The local authority responsible said in a statement that non-school related badges are not permitted on uniforms, and says it is "committed to equal rights for LGBT people". 

The small badge depicted a rainbow-striped heart, which the pupil said he had brought back from the Edinburgh Pride march the previous weekend. He reportedly "no longer feels comfortable going to school", and said homophobia from staff members felt "much more scar[y] than when I encountered the same from other pupils". 

At a time when four Scottish party leaders are gay, and the new Westminster parliament included a record number of LGBTQ MPs, the political world is making progress in promoting equality. But education, it seems, has not kept up. According to research from LGBT rights campaigners Stonewall, 40 per cent of LGBT pupils across the UK reported being taught nothing about LGBT issues at school. Among trans students, 44 per cent said school staff didn’t know what "trans" even means.

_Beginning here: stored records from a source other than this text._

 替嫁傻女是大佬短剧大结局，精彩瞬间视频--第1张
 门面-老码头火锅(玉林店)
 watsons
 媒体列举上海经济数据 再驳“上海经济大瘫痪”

The need for teacher training and curriculum reform is at the top of campaigners' agendas. "We're disappointed but not surprised by this example," says Jordan Daly, the co-founder of Time for Inclusive Education [TIE]. His grassroots campaign focuses on making politicians and wider society aware of the reality LGBTI school students in Scotland face. "We're in schools on a monthly basis, so we know this is by no means an isolated incident." 

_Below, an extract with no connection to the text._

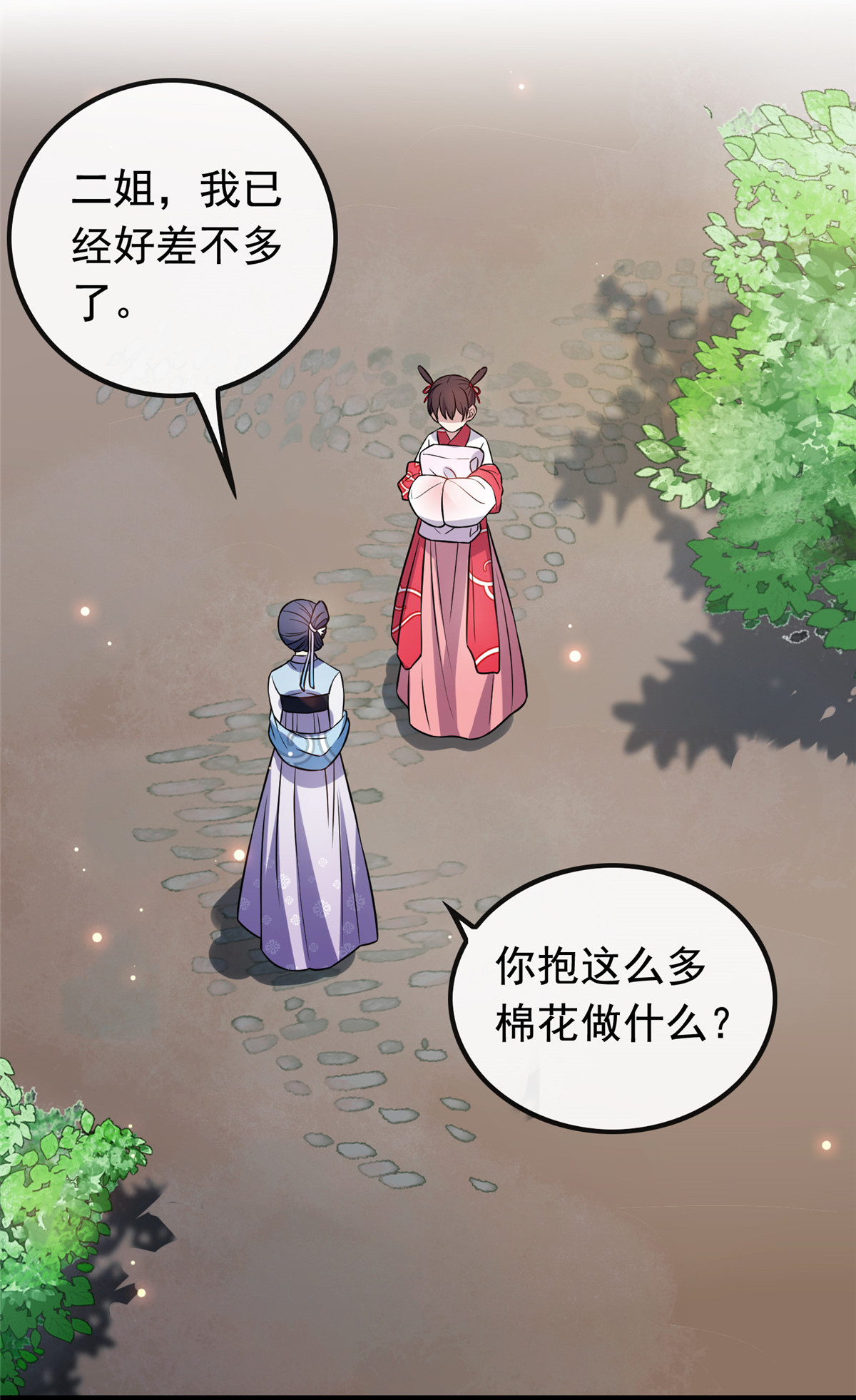 病娇暴君改拿绿茶剧本023 显露心机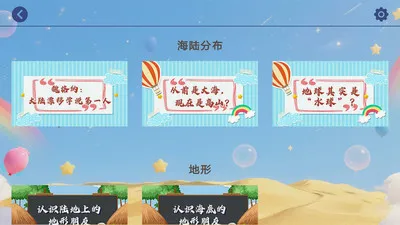 ����Ȥѧ������׿���ֻ���v1.0.0 ��׿��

Studies have repeatedly shown a startling level of self-harm and mental illness reported by LGBTI school students. Trans students are particularly at risk. In 2015, Daly and colleagues began a tour of schools. Shocking stories included one in which a teacher singled out a trans pupils for ridicule in front of the class. More commonly, though, staff told them the same story: we just don't know what we're allowed to say about gay relationships. 

This is the point, according to Daly - retraining, or rather the lack of it. For some of those teachers trained during the 1980s and 1990s, when Section 28 prevented local authorities from "promoting homosexuality", confusion still reigns about what they can and cannot teach - or even mention in front of their pupils. 

The infamous clause was specific in its homophobia: the "acceptability of homosexuality as a pretended family relationship" could not be mentioned in schools. But it's been 17 years since the clause was repealed in Scotland - indeed, it was one of the very first acts of the new Scottish Parliament (the rest of the UK followed suit three years later). Why are we still hearing this archaic language? 

"We repealed, we clapped and cheered, and then we just forgot," Daly says. After the bitter campaign in Scotland, in which an alliance of churches led by millionaire businessman Brian Souter poured money into "Keeping the Clause", the government was pleased with its victory, which seemed to establish Holyrood as a progressive political space early on in the life of the parliament. But without updating the curriculum or retraining teaching staff, Daly argues, it left a "massive vacuum" of uncertainty. 

The Stonewall research suggests a similar confusion is likely across the UK. Daly doesn't believe the situation in Scotland is notably worse than in England, and disputes the oft-cited allegation that the issue is somehow worse in Scotland's denominational schools. Homophobia may be "wrapped up in the language of religious belief" in certain schools, he says, but it's "just as much of a problem elsewhere. The TIE campaign doesn't have different strategies for different schools." 

After initial disappointments - their thousands-strong petition to change the curriculum was thrown out by parliament in 2016 - the campaign has won the support of leaders such as Nicola Sturgeon and Kezia Dugdale, and recently, the backing of a majority of MSPs. The Scottish government has set up a working group, and promised a national strategy. 

But for Daly, who himself struggled at a young age with his sexuality and society's failure to accept it, the matter remains an urgent one.  At just 21, he can reel off countless painful stories of young LGBTI students - some of which end in tragedy. One of the saddest elements of the story from St Kentigern's is that the pupil claimed his school was the safest place he had to express his identity, because he was not out at home. Perhaps for a gay pupil in ten years time, that will be a guarantee.